Thursday, June 04, 2009

A secret ...

Before the age of maybe 14 or 15, I could do something which, in my friends' and their mother's eyes, was simply illogical.

This is what I could do - I could predict what scores they had before the results landed on their desks. So for example, I would say, "X, you scored 82 in your maths test and I scored 80."

I vividly remember that I had to collect my PSLE results a week later because my family was on holiday in New Zealand during the time the results were released. On the morning of the day the results were released, without seeing or hearing from anyone about how I did, I told my mother what I got.

Another incident. In my music school, I announced to the administrator what I got before walking in to the Principal's office to collect the results. "I passed! I got 117 and didn't get merit!", I remember saying. And similarly, I announced to the Principal when I met him, "I got 117. Right?". He was amused but I could tell he thought it purely a coincidence. Since it was confidential stuff, the administrator didn't know if I was right or wrong and so, I remember showing her the result slip before I left, saying to her, "See? I told you!"

One time, classmate of mine told her mother about it - and was asked to tell me that if ever should have this inspiration about 4D, that I should let her know immediately - you can guess now that I never did.

In each and every of those instances I made those 'predictions', I had no doubt that I would be right. I believed it totally. So to me, it wasn't really a prediction. It was just a fact.

Anyway, these numbers would come to me. I never had to think about it. Even if I did and thought about it, it would not appear.
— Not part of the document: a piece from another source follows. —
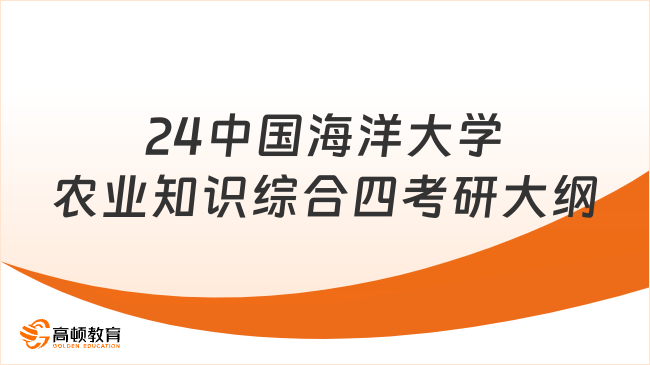 2024中国海洋大学342农业知识综合四考研大纲已发布！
So for example, I couldn't tell myself to know what is my score for this test... it didn't work that way. It had to come to me and I just have to catch it.

It's only now that I finally understood clearly how this thing that I could do works. For it to become real, I had to have no doubt - and this is the reason why I lost it around the age of 15 or 16... I tried to make it happen (it didn't work this way as I've explained), and when it didn't, I started having doubts and when I started having doubts, I simply lost it.

When I say no doubt... it means that nothing in me - nothing in my entire being believed for even a moment that I would be wrong about it.

A personal mystery solved!

You can call me crazy now.

It's no longer a secret.

1 comment:

M said...

The Shichida Method has this thing about ESP and similar stuff... we had to do such exercises with the kid at an early age and persist in it (and believe in it). Otherwise it is "lost".